Chacina em Campinas expõe despreparo para o combate ao crime contra mulher
Mesmo com cinco boletins de ocorrência registrados contra ele, o técnico de laboratório Sidnei Ramis de Araújo conseguiu invadir a casa onde sua ex-esposa Isamara Filier comemorava o ano novo e matar 11 pessoas, incluindo o próprio filho de apenas oito anos.
Todos realizados por Isamara, os registros contêm relatos de agressões físicas e ameaças de morte. Além dos cinco boletins, ela também denunciou Sidnei, em 2015, por abuso sexual contra o filho.
Ainda que o teor das ocorrências representasse riscos para Isamara, ela preferiu rejeitar as medidas protetivas oferecidas pela polícia.
Para grupos de defesa da mulher, essa atitude é comum e representa o medo de represália da vítima. A medida de proteção, no entanto, é uma obrigação prevista por lei, independentemente se a vítima pede ou não. O argumento é da Promotora de Justiça do Ministério Público do Estado de São Paulo Gabriela Mansur. “Se uma mulher vai cinco vezes à delegacia, está claro que ela vive em situação de risco e este risco deve ser observado e combatido”.
A presidente do Conselho Direitor da ONG Themis, especializada nas relações entre o direito e as mulheres, Fabiane Simioni explica que o primeiro erro aparece quando Isamara decide não levar adiante as denúncias e o Estado fica omisso. Ou seja, ainda que a vítima volte atrás é justamente para protegê-la que o Estado deve agir.
Na visão da Gabriela Mansur, no momento da denúncia na delegacia deveria ter sido instaurado pela Lei Maria da Penha o encaminhamento imediato ao Ministério Público ou à Defensoria Pública para avaliação de situação de risco. “Algumas delegacias, porém, aguardam o prazo de seis meses que a vítima deve voltar para representar o desejo de processo para dar prosseguimento”, aponta.

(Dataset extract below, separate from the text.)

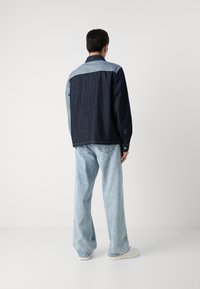 Denimjakke med mørkeblå kropp og lys blå yoke, strukturert passform, lange ermer og knappelommer, sammen med lysvaskede vidbukser.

Para outra especialista na área, o problema vai muito mais além do aspecto criminal e jurídico. A professora de Direito Penal da Fundação Getúlio Vargas (FGV) e doutoranda em Direitos Humanos Maíra Zapater acredita que este tipo de violência deve ser encarado por meio de uma rede multidisciplinar. “Em muitos casos, o criminoso é visto como um homem de bem pelos vizinhos ou como um bom funcionário na empresa, mas as pessoas precisam entender que este é um crime praticado por homens comuns que entram em um ciclo de violência machista e misógino”, conta. “A assistência social, em casos como este, pode ajudar a capacitar a vítima para romper com o ciclo de dependência do homem, por exemplo. Um psicólogo poderia orientar não só a ele ou a ela, mas também os seus familiares sobre os fatos. Este atendimento em rede pode ter várias frentes de atuação, que vão além do boletim de ocorrência”.
O Tribunal de Justiça do Estado de São Paulo afirma que processos envolvendo violência doméstica ficam em segredo de Justiça, por isso, não podem detalhar se houve ou não por parte do juiz alguma ação mais efetiva.
A promotora Gabriela Masur finaliza: “a causa da mulher é extremamente delicada. Para trabalhar com Maria da Penha tem que ter vocação, conhecimento íntegro da lei e sensibilidade com este ciclo de violência. Talvez a grande falha seja não ter pessoas com estas qualidades envolvidas nestes casos”, determina Gabriela Mansur.
A polícia agora procura descobrir quem vendeu a arma para Sidnei.